## PROMPT
Lines to restate from the data below: from the one containing "Mens UK Size M Regatta Orange Parka Coat" to the one containing "Blue Persian Deer Rug No. j2640", both included. Give them again exactly, and only them.

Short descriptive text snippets
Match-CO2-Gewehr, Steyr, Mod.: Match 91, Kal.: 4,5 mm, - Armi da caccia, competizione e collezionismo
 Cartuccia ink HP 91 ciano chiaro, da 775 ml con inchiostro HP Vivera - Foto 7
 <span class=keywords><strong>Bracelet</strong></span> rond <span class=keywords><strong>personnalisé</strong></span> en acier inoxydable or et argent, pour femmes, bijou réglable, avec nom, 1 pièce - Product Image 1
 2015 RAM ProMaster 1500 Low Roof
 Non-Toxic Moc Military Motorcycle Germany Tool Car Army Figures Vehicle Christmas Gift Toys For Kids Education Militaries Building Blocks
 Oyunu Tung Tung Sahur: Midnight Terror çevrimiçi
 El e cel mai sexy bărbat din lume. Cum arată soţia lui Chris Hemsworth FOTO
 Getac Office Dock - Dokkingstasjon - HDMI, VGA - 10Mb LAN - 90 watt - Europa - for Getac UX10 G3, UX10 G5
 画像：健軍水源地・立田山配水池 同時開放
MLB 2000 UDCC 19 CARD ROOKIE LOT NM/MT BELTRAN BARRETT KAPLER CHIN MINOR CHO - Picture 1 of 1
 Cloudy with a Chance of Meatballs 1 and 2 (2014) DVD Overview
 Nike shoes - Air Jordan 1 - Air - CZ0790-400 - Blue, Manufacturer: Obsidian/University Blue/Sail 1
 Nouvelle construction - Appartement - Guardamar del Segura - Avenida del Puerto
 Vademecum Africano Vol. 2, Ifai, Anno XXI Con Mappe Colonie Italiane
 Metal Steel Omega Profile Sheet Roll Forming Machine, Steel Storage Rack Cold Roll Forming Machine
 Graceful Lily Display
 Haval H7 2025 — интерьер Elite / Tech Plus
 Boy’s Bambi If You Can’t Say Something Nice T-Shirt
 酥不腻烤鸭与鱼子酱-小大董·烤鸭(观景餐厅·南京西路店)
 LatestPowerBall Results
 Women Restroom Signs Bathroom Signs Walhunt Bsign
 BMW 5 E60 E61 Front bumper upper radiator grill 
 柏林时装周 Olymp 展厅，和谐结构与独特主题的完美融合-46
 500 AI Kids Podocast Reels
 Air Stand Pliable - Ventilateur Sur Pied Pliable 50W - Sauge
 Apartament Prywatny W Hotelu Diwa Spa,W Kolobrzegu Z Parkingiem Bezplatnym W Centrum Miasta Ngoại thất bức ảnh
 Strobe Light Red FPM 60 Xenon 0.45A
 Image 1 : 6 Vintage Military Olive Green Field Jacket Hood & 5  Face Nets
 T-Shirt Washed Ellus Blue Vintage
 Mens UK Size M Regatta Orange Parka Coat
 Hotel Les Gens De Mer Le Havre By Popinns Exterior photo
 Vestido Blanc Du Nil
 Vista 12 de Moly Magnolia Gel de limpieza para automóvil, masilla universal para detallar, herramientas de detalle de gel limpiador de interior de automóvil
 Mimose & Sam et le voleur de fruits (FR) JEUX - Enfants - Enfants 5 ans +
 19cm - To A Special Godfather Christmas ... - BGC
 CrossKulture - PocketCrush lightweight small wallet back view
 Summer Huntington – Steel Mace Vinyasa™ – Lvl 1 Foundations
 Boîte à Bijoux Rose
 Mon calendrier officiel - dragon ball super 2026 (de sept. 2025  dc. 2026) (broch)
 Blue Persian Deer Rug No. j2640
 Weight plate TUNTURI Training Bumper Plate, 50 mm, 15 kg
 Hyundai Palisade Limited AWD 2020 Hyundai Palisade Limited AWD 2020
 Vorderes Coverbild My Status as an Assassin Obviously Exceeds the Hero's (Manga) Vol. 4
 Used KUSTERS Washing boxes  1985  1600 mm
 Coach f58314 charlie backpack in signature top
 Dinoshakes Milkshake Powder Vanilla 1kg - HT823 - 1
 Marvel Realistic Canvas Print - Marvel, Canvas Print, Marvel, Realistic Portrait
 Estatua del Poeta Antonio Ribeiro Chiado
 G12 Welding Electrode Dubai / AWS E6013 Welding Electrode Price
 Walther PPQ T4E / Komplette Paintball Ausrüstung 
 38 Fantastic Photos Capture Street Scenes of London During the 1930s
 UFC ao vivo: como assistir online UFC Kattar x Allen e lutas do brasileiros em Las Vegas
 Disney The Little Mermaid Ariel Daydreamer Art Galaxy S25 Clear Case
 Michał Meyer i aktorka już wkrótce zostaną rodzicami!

## OUTPUT BELOW
 Mens UK Size M Regatta Orange Parka Coat
 Hotel Les Gens De Mer Le Havre By Popinns Exterior photo
 Vestido Blanc Du Nil
 Vista 12 de Moly Magnolia Gel de limpieza para automóvil, masilla universal para detallar, herramientas de detalle de gel limpiador de interior de automóvil
 Mimose & Sam et le voleur de fruits (FR) JEUX - Enfants - Enfants 5 ans +
 19cm - To A Special Godfather Christmas ... - BGC
 CrossKulture - PocketCrush lightweight small wallet back view
 Summer Huntington – Steel Mace Vinyasa™ – Lvl 1 Foundations
 Boîte à Bijoux Rose
 Mon calendrier officiel - dragon ball super 2026 (de sept. 2025  dc. 2026) (broch)
 Blue Persian Deer Rug No. j2640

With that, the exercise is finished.